There was no yearbook for this class, and the Reserve Record was still two years away from
starting, but the Class of 1923 left a nice legacy of success to the school. There were 23 graduates in the Class of 1923. Mr Homer O. Sluss was Head of School, and Harlan N. Wood of the Class of 1888, was Associate Head. There were just ten faculty members, which included a Congregational minister who taught English Bible and a teacher who was in charge of the Agriculture program which sent students to work at the 400-acre Evamere Farm. Marian Bingham was Librarian for the “splendidly equipped library” on the ground floor of the Chapel that was planned to hold 8,000 volumes. Most of the students in the Class of 1923 and the other early classes were from Hudson or elsewhere in Ohio, although one of the former members of this class was Ada K. Yang of Senju, Korea, whose parents lived in Hawaii. One of the young women from 1923 was Helen Spreng who had come from Lebanon in southern Ohio. She went on to Simmons College in Boston where she earned a B.S., returned to Hudson to marry Homer Benhoff of the Class of 1924, then worked as Librarian at Glenville High and John Marshall High, both in Cleveland. She then earned a master’s from Columbia by attending several summers of classes. She then worked for the Cleveland Public Library until the 1950’s. A son, Edward Benhoff, is a graduate from 1953, thirty years after his parents.
David Rockwell Hinman, Class of 1923, was the nephew of the well-regarded Judge David Ladd Rockwell, who had graduated from WRA some years before. The Judge sponsored his nephew’s attendance at the school and also paid for his trip to Europe with faculty member James C. Sloane, who taught French and Spanish. David Hinman then attended both The Ohio State University and Kent State University. He married Lois Billiter of the Class of 1924 who also earned her degree at Kent State and taught in the Akron and Streetsboro schools. The Hinmans were parents of two daughters and lived in Peninsula for many years.
Harriet Bell Lowman was a member of a distinguished Hudson family that had strong ties to WRA. She went to Wheaton College in Massachusetts, finished her degree at Lake Erie College, then earned a library degree at Western Reserve University. She later married Newell Hamilton, and died at age 60 in 1965. Her sister, Eleanor, and brother John, were also students at WRA. Their father, John S. Lowman, was Vice-President of one of the Akron rubber companies.

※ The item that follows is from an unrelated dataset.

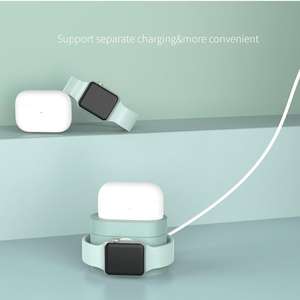 Cargador inalámbrico 3 en 1 de carga rápida, luz LED nocturna con despertador Digital para iPhone 12 <span class=keywords><strong>Pro</strong></span> Max <span class=keywords><strong>Mini</strong></span> <span class=keywords><strong>AirPods</strong></span> iWatch - Product Image 5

Finally, there is August G. Peterka, winner of the Robinson Prize in 1923, who earned his degree at Kent State where he was President of his junior class and Captain of the KSU football team. He then went on to Columbia University in New York where he earned a master’s in physical education. He taught and coached in Minerva and Dover before becoming Head basketball coach at Kent State. Starting in 1935 he worked as Head of Recreational activities for the WPA, directing them in 20 counties of central Ohio from an office in Columbus. He contracted “rabbit fever” in 1940, and because of numerous blood transfusions, was forced to resign this position. He and his wife later moved to Euclid where he ended his professional career as a labor expert at Parker Hannifin. There may not have been any unusually successful alumni from the group that graduated a century ago, but they charted a direction for the students who came later.